Exercise material:
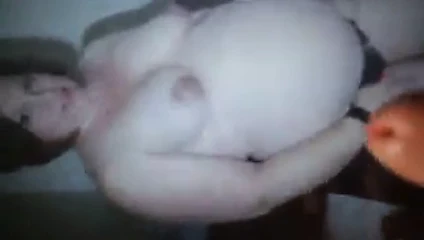 Hamile karısı haraç!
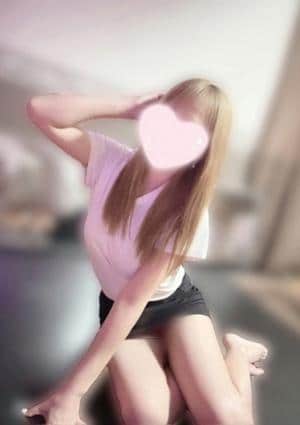 川越KING 白瀬(しろせ)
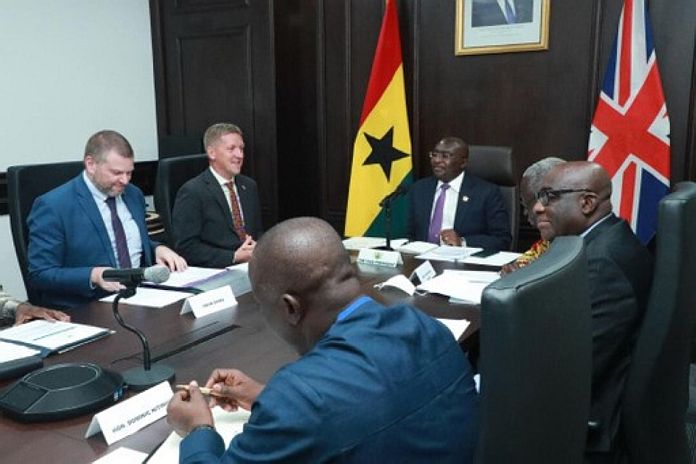 uk_ghana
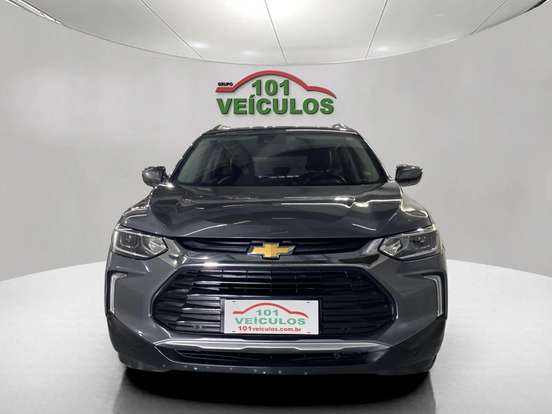 CHEVROLET-TRACKER-2021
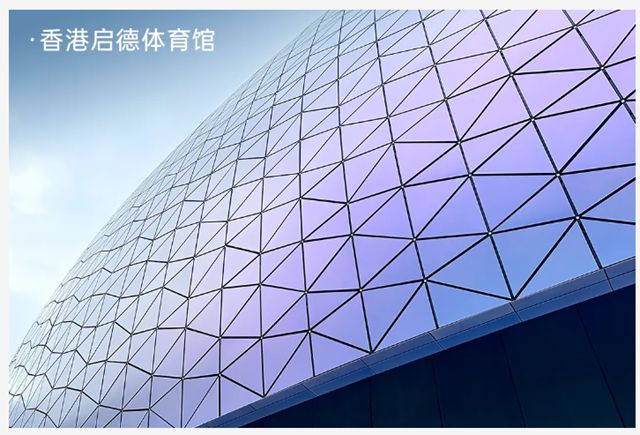 綠色塗料領跑者宣偉正式加入ESG領導者組織論壇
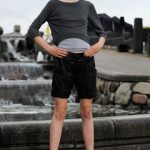 Denmark Fashion Trends 2011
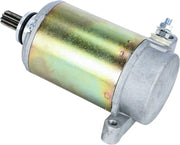 410-54019 Starter Motor Yam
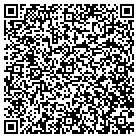 QR code with Evans Adhesive Corp contacts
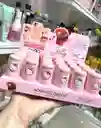 Tinta Gelatina Hello Kitty Romatic Queen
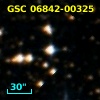 Cl* NGC 6531      F      43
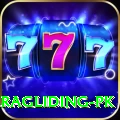margalla paragliding pk Games (Casino & Earning) Max v4.1.3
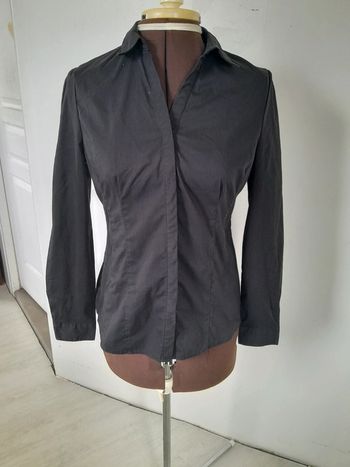 Chemisier primark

Work order: Return every entry above exactly as written, minus the pictures.

Result of the task:
 Hamile karısı haraç!
 川越KING 白瀬(しろせ)
 uk_ghana
 CHEVROLET-TRACKER-2021
 綠色塗料領跑者宣偉正式加入ESG領導者組織論壇
 Denmark Fashion Trends 2011
 410-54019 Starter Motor Yam
 QR code with Evans Adhesive Corp contacts
 Tinta Gelatina Hello Kitty Romatic Queen
 Cl* NGC 6531      F      43
margalla paragliding pk Games (Casino & Earning) Max v4.1.3
 Chemisier primark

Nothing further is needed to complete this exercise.